8. Contingent liabilities

Taxpayers who have paid higher rates on their residential transaction have the right to claim main residential rates on their new main residence where their previous main residence is disposed of within 3 years of the purchase date of the replacement. The taxpayer is required to submit a claim in order to receive the refund

This potential refund of higher rate tax is disclosed as a contingent liability for the Tax Statement due to the uncertainty of reclaims and their timings. For 2021 to 2022, the estimated amount is £20.0 million (2020 to 2021 £14.4 million) calculated on the basis of guidelines issued by the Office of Budgetary Responsibility.

9. Balance due to the Welsh Consolidated Fund account

  2021-22
£000
2020-21
£000
Balance on Welsh Consolidated Fund as at 1 April 27,117 45,223
Net revenue for the Welsh Consolidated Fund 447,800 242,294
Less amount paid to the Welsh Consolidated Fund (440,500) (260,400)
Balance due to the Welsh Consolidated Fund 34,417 27,117

10. Events after the reporting period

There are no reportable events after the reporting period.

Glossary

Amortisation

The apportionment of the cost of an intangible asset over its useful life.

Depreciation

The apportionment of the cost of a tangible non-current asset.

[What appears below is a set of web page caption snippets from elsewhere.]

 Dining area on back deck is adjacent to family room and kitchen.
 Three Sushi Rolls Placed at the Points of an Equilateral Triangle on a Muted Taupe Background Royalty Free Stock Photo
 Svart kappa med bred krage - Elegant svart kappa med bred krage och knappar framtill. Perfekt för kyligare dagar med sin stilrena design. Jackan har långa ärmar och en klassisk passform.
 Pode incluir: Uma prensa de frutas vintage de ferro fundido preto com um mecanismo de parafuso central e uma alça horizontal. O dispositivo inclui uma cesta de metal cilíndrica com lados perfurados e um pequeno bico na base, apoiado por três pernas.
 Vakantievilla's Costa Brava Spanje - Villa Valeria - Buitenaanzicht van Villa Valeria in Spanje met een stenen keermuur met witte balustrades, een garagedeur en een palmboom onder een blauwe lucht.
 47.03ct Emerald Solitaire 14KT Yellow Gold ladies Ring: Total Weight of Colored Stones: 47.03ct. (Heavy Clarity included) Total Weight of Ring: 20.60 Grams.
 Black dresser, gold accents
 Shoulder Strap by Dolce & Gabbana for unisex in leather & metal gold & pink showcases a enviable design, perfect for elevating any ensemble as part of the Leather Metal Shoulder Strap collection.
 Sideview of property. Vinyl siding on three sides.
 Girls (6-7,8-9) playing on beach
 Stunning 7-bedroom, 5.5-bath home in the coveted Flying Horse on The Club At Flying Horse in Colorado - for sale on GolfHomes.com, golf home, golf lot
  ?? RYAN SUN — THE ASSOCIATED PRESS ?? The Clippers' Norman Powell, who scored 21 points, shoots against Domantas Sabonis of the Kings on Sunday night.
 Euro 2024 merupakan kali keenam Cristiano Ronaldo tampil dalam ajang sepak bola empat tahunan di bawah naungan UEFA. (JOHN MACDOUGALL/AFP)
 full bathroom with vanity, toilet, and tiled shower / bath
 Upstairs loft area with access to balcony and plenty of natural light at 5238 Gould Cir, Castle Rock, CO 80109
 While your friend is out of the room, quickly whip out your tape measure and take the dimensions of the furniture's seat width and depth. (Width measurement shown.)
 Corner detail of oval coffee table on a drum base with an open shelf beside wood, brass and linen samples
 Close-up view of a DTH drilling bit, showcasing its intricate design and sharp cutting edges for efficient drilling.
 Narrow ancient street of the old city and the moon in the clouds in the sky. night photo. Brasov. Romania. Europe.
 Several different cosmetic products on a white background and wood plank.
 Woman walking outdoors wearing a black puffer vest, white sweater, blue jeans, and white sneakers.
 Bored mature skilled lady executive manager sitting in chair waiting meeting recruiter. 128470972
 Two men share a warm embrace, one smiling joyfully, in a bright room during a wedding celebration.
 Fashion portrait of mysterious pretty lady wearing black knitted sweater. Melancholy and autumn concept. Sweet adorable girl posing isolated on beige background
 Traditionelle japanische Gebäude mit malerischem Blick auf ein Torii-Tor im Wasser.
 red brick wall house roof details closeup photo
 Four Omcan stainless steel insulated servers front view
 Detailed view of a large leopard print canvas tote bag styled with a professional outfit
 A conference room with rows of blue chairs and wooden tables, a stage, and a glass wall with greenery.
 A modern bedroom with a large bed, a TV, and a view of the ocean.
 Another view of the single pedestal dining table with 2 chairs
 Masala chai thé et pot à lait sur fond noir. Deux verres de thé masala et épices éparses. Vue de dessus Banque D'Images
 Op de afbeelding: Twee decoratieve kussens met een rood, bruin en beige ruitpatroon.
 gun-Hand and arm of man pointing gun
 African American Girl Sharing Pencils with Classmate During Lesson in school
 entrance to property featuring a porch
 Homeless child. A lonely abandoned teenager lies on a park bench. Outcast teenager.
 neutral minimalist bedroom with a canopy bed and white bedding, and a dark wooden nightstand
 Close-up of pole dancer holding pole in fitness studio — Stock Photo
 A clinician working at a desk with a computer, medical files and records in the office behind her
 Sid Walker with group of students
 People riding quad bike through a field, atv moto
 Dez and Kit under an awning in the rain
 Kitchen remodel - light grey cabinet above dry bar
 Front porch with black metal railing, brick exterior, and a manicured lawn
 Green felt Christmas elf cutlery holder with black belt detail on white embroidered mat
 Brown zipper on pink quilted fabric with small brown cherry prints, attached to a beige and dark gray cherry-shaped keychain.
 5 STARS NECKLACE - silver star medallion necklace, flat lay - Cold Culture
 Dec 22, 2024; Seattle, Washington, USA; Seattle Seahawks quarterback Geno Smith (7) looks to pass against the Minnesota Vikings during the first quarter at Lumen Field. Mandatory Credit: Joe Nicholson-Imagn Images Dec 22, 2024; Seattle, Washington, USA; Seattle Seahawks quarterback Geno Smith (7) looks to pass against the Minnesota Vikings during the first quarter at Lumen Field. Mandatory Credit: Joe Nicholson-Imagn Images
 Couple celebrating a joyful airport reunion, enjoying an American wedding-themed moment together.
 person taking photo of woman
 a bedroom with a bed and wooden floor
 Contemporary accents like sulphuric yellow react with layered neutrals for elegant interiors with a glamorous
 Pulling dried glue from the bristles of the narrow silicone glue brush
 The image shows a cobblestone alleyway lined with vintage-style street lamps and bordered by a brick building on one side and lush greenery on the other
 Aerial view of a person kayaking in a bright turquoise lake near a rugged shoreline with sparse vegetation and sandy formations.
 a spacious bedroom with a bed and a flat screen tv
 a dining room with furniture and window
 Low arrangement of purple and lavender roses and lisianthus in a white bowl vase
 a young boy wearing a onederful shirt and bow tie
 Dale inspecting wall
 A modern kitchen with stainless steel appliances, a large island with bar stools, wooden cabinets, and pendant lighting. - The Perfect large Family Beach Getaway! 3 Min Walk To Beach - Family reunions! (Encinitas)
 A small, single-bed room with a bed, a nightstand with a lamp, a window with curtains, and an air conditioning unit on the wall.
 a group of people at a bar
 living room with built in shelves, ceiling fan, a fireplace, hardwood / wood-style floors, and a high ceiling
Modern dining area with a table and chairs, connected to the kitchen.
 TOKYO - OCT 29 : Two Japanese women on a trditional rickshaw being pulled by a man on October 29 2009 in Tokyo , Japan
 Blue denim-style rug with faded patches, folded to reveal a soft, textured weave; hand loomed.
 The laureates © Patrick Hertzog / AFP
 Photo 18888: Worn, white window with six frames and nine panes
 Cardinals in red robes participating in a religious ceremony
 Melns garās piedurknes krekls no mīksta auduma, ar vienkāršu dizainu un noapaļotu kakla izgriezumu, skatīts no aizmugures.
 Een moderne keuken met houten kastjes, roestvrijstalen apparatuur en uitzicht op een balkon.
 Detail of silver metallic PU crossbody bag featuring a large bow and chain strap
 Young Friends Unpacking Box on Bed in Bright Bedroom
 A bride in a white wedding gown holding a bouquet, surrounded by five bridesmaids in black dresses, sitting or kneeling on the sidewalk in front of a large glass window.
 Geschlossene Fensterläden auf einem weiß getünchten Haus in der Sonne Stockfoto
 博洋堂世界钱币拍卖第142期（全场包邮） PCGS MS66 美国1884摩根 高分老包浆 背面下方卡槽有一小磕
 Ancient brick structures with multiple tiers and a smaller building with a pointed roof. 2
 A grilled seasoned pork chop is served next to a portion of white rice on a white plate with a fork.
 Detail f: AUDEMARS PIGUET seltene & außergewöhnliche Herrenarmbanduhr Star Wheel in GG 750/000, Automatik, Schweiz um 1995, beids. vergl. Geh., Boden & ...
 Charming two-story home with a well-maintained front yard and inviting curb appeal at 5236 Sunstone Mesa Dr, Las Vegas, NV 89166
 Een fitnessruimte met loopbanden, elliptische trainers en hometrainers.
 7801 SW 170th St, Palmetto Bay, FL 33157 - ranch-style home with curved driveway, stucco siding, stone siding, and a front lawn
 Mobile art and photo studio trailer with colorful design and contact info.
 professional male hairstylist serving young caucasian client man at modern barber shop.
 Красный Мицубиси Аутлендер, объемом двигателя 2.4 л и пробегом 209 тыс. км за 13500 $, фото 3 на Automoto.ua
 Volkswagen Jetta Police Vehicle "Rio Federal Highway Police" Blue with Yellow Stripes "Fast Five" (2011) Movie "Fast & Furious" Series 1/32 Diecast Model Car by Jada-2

Financial Reporting Manual (FReM)

HM Treasury technical accounting guide to the preparation of the financial statements.

International Financial Reporting Standards (IFRS)

These are issued by the International Accounting Standards Board and financial statements of Government use these as the basis of preparation for their accounts.

Non-current assets (also called fixed assets)

An asset that is held by the organisation. These can be tangible assets with physical substance or intangible assets – an identifiable non-monetary asset without physical substance; for example, licences and software.

Payables

Amounts due for payment to suppliers of goods and services at the end of the reporting period.

Receivables

Amounts owing to the WRA at the end of the reporting period.

Taxpayers’ equity

The net assets of the organisation.

Welsh Consolidated Fund

The fund used by the Senedd to hold sums voted by Parliament which are then allocated via a Budget Motion.